Paulo
Teixeira - publicado em 16/10/25
Entenda a polêmica da tradução que incomoda, mas é
mantida por especialistas em várias línguas. A resposta não está no dicionário,
mas na história e na teologia.
Estava lendo em casa minha Bíblia e me deparei com o Salmo
47 (46) e, em um dos versos, a palavra "terrível" surge para
descrever o Altíssimo. Logo isso me causou estranheza. Afinal, um Deus de amor,
misericórdia e bondade pode ser chamado de "terrível"? A controvérsia
não é nova, e as traduções litúrgicas oficiais parecem preferir manter a
palavra, mesmo com a existência de sinônimos mais "suaves" como
"sublime" ou "excelso". Mas por quê?
O ponto de partida para essa discussão não é a sensibilidade
do ouvinte, mas a precisão da tradução. Especialistas em Bíblia e linguística,
responsáveis por traduzir os textos sagrados, explicam que a palavra
"terrível" é a que mais se aproxima do original hebraico. Em outras
palavras, não é uma escolha aleatória, mas um esforço para ser fiel ao texto
que saiu do forno há milênios.
O Salmo em sua essência
A questão central é que a tradução de um texto antigo não
pode se basear apenas em dicionários contemporâneos. A palavra hebraica por
trás de "terrível" carrega um significado muito mais complexo do que
o "medonho" ou "violento" que associamos hoje. Para os
antigos, essa palavra evocava uma mistura de reverência, poder avassalador e
admiração.
Imagine a força de um furacão, a grandiosidade de uma
montanha ou o mistério de um eclipse solar. Esses fenômenos são
"terríveis" no sentido de que inspiram uma mistura de medo e
fascínio. Eles nos lembram de nossa pequenez e do poder imenso que os criou. É
essa dimensão de poder transcendente que a palavra "terrível" tenta
capturar.
O que os especialistas argumentam é que sinônimos como
"excelso" ou "sublime", embora agradáveis, já estão
contidos na palavra "Altíssimo", gerando uma redundância. Além disso,
esses termos perdem a nuance de poder e majestade que o termo original
contém.
A Bíblia de Jerusalém e a Bíblia Pastoral, por
exemplo, mantêm a palavra. As Bíblias em línguas românicas (espanhol, francês,
italiano) também a adotam, o que sugere uma escolha técnica e não uma simples
convenção de tradução.
Do medo ao temor: a diferença teológica
A Bíblia está repleta de adjetivos que, à primeira vista,
parecem "duros" para descrever Deus. Ele é o "Justo Juiz",
o "Deus dos Exércitos", e o Credo diz que "há de vir em sua
glória, para julgar os vivos e os mortos". A teologia por trás disso é que
Deus, além de amor, é também justiça.
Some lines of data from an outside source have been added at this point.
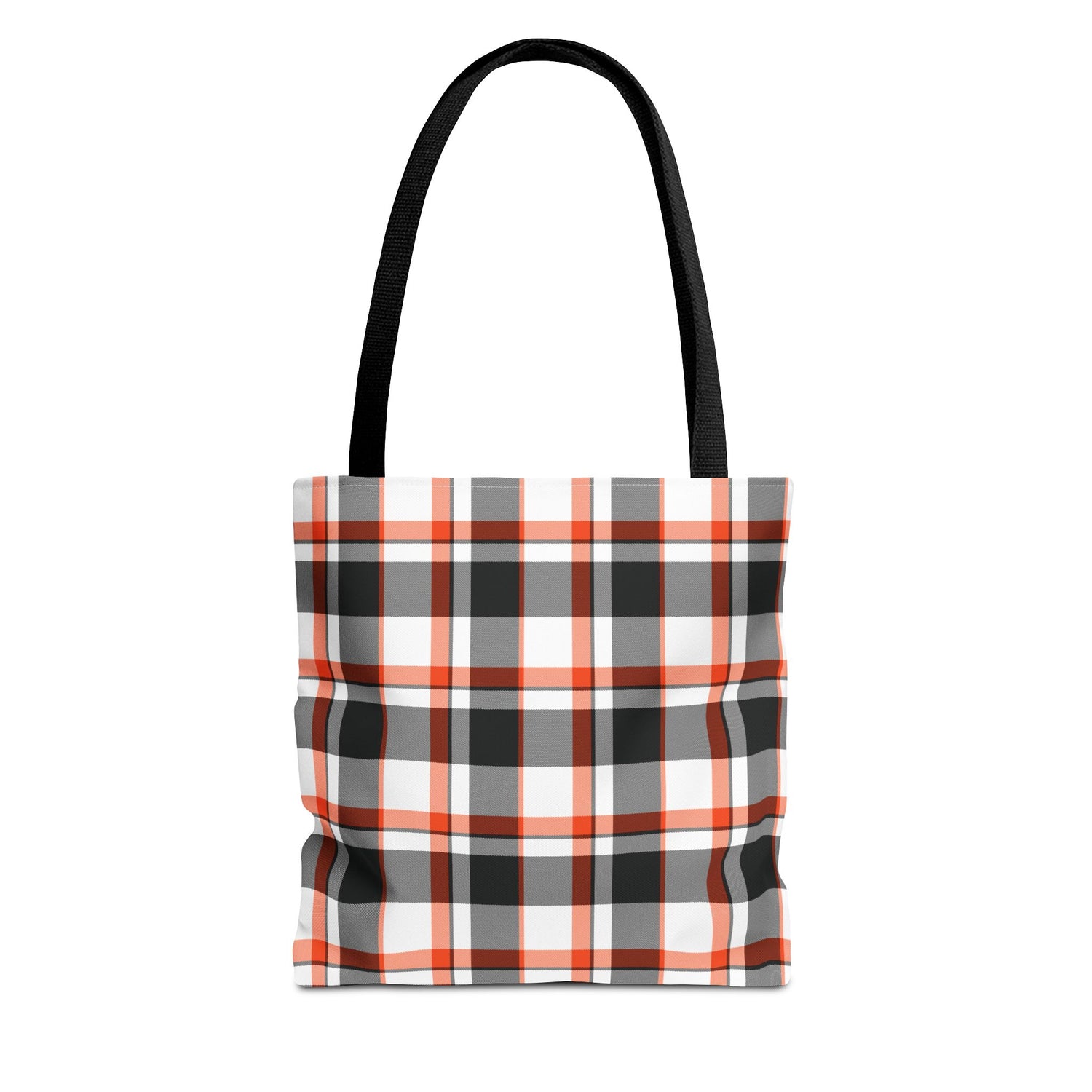 Fall Plaid Black Orange Tote Bag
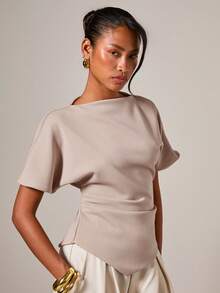 COSMINA Camiseta de mujer de cuello redondo con pliegues elegante, adecuada para todas las estaciones - Caqui - Ver 4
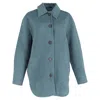 Acne Studios Buttoned Overshirt Jacket In Blue Wool In Blue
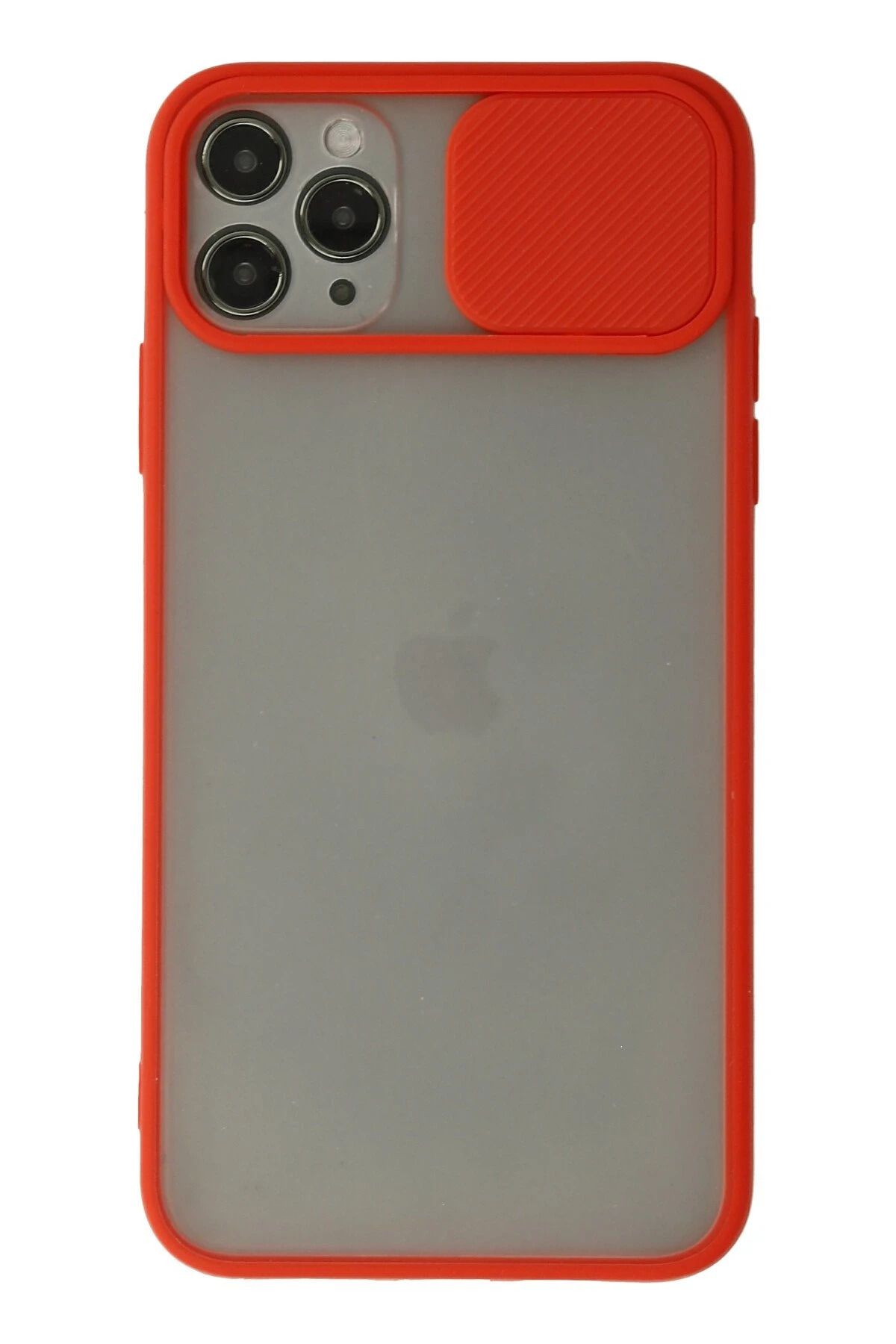 NewFace iPhone 11 Pro Kılıf Palm Buzlu Kamera Sürgülü Silikon - Kırmızı NRMSA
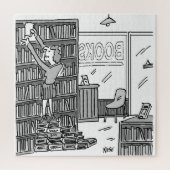 書店の主人が本から歩む ジグソーパズル (縦)
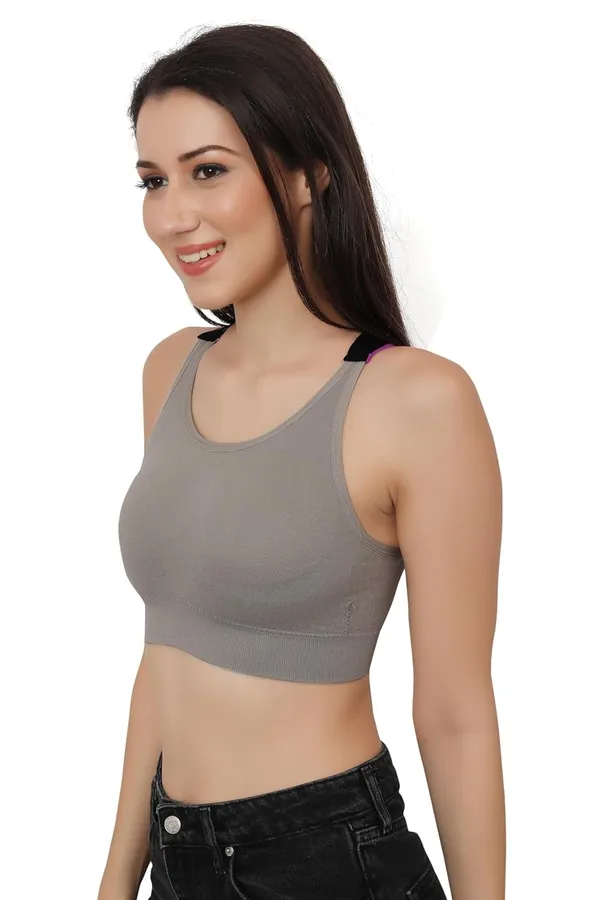 Grey+Purple_Dual_Tone_Padded_Full_Coverage_Quick_Dry_Shockproof_Racerback_Sports_Bra_With_Removable_Pads_Size_For_Women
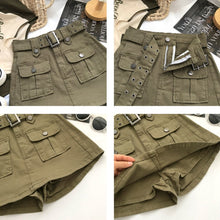 Load image into Gallery viewer, Cargo Mini Denim Skirt Multi Pockets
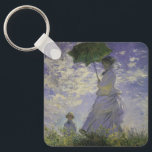 Chaveiro Mulher com Parasol por Claude Monet, Vintage Art<br><div class="desc">O Stroll, Camille Monet e o Seu Filho Jean (Mulher com Parasol) (1875), de Claude Monet, é uma pintura de retrato impressionista de família de artes plásticas. Uma mãe caminhando com seu filho num campo ou num campo de primavera. Ela está segurando um guarda-chuva solar e vestindo um belo vestido...</div>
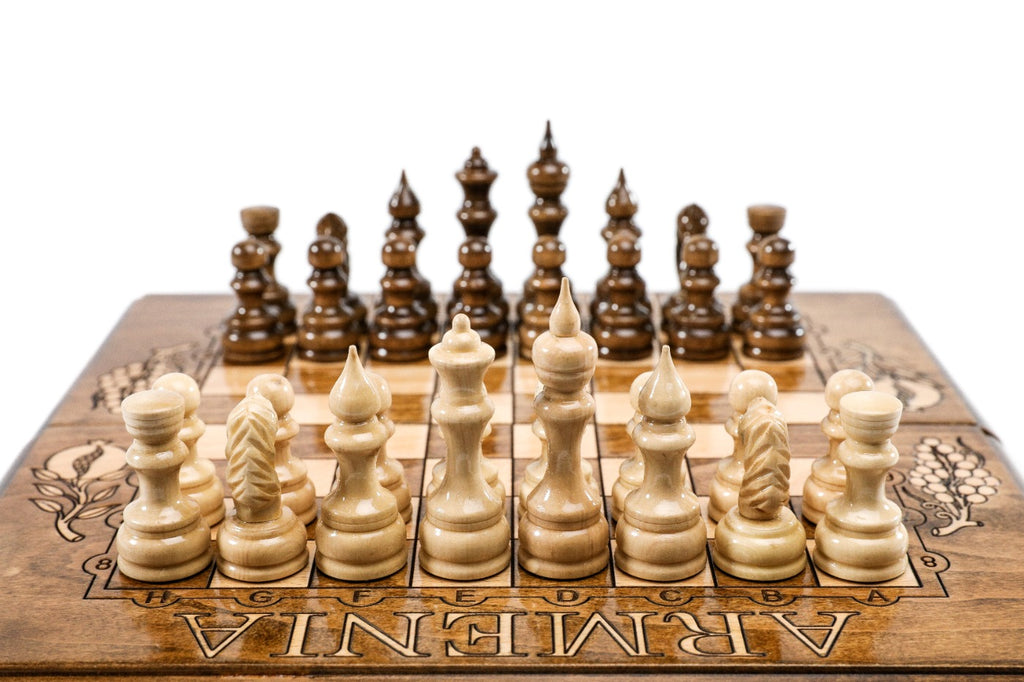 Classic Chess Set with ARMENIA Engraved and Grape Design - Unumperfectus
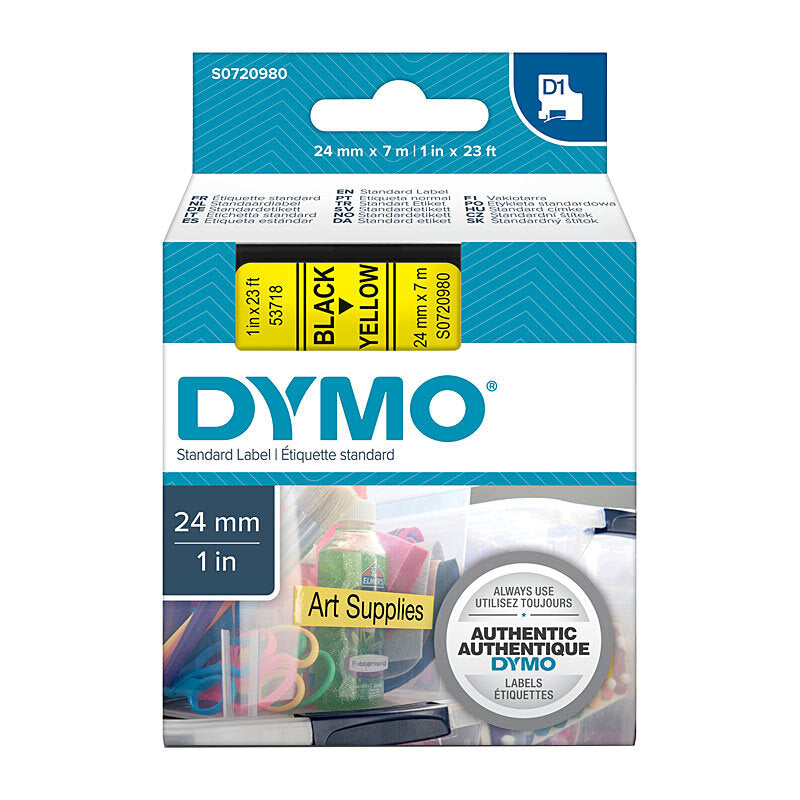 D1 Blk on Yell 24mmx7m Tape 24mm x 7m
E sua onipotência, expressa no termo
"Todo-poderoso", não significa que ele é um "déspota" ou um
"prepotente", mas que sua força é ilimitada.
Outro exemplo é o "temor de Deus", um dos sete
dons do Espírito Santo. Ele não significa "ter medo" de Deus no
sentido de que ele vai nos punir, mas sim um medo de ofendê-lo, uma profunda
reverência por sua santidade e grandeza.
A tradução litúrgica, portanto, não é um exercício de
"agradar" o fiel, mas de educá-lo. Ao manter a palavra
"terrível", ela convida a uma reflexão mais profunda sobre a
totalidade de Deus: um ser que é amor incondicional, mas também justiça e poder
absolutos.
A sensibilidade moderna pode se chocar com a dureza de
certas palavras, mas a tradição teológica insiste que a Bíblia deve ser
compreendida em seu próprio contexto. Afinal, a tradução perfeita é aquela que
captura não só a letra, mas também o espírito do texto original.